DATA SHOWN →
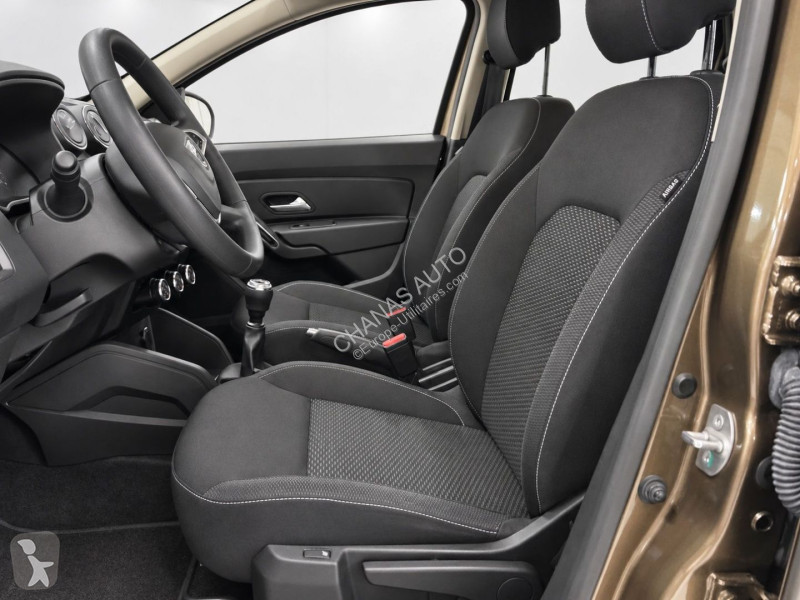 Varevogn Dacia 1.0 TCe 100 Streetway
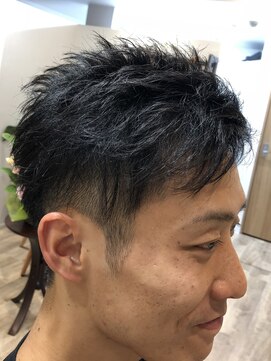 ラウレア(Laule‘a) 爽やかベリーショート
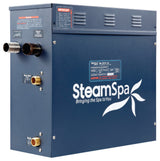 SteamSpa Royal 6 KW QuickStart Acu-Steam Bath Generator Package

ASSIGNMENT →
Leave every image out when you return the material above word for word.

TASK SOLUTION →
 Varevogn Dacia 1.0 TCe 100 Streetway
 ラウレア(Laule‘a) 爽やかベリーショート
 SteamSpa Royal 6 KW QuickStart Acu-Steam Bath Generator Package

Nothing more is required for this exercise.